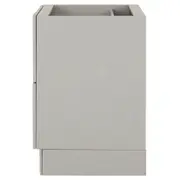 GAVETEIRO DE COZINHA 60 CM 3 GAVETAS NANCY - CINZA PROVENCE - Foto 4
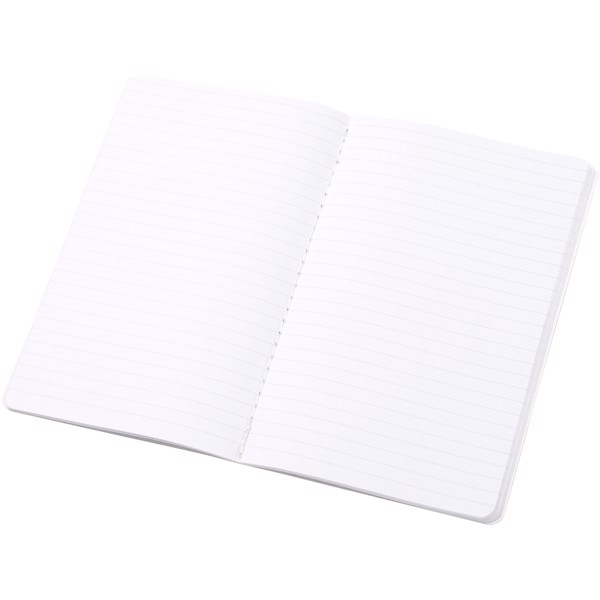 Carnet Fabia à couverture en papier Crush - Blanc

----

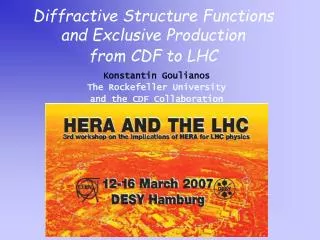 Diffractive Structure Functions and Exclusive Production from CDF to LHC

----

About this task
Transcribe only the lines above that start at the line containing "GAVETEIRO DE COZINHA" and end at the line containing "Carnet Fabia à". Omit pictures.

Answer for this exercise
 GAVETEIRO DE COZINHA 60 CM 3 GAVETAS NANCY - CINZA PROVENCE - Foto 4
 Carnet Fabia à couverture en papier Crush - Blanc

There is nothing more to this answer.